Wednesday, May 18, 2011

Questions and Accomplishments

Now that I got out my angry-ness in my last post, I thought I'd write a more reflective post.

Today I was thinking back through last year, and wondering what I'd accomplished. Do you always feel like you have to accomplish something? I always feel like I need to be accomplishing something at all times. It's really hard for me to relax. Maybe that's just me though. I was frustrated though, to feel like I hadn't accomplished much over the past school year. I made it through, and that's really the most I can say about that. I'm currently on a medication that I'll stay on for the summer. It helps more than any other medication and has the least side effects, but even though I really want it to work out, I feel certain there are more medication changes in my future, because I'm still not really where I'd like to be. I'm not looking forward to that, but I'll deal with when I get there.

Lately it's been difficult for me to think about the future, because I look in my future and see my Depression following me for the rest of my life. I used to dream about a day when I would be completely healed from it, but I don't think that's ever going to happen. I am almost certain this disease will continue to hurt me for the rest of my life. The only way I can really handle that thought is to acknowledge that at least my symptoms can be managed.
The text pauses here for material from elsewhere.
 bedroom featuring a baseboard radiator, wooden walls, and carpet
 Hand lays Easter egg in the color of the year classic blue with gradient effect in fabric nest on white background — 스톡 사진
The pain Depression inflicts on me is much more manageable with my medication. Still the thought of it never going away, always lying in wait to strike when I'm not expecting it...well that's a real bummer to say the least.

And always I'm tormented by the thought that my Depression is my fault. When I look at it on one hand, my illness is neither something I've chosen, or have control over, any more than any other illness. But then I look at it again and think, so what does that mean about my thoughts? I'm not in control of them? When a delusional person thinks he's flying around having tea parties with unicorns, that thought certainly isn't in there control. Which of my thoughts are mine, and which are a product of an ill brain? It's difficult, if not impossible to say. I feel like there are some things I can do to make my Depression better, so in that way, at least part of it is in my control, so could possibly be my fault. But maybe I just want to think that there's something I can do to make it go away, because the alternative is impossible to deal with. What if there is simply nothing I can do to make it go away? What if it's always there for the rest of my life? Well, that does mean it's not my fault, which relieves me of guilt. But on the other hand, I almost want it to be my fault. I want my suffering to be because of something I did wrong, that way I can find out what I did wrong, then get to fixing it. However, the more I learn in life from reading and talking to people, the more I'm realizing this is most likely not the case. So I guess that leaves me still in between all of these questions with no answers. But even though it is rather frustrating, I think I'm ok with that for the moment.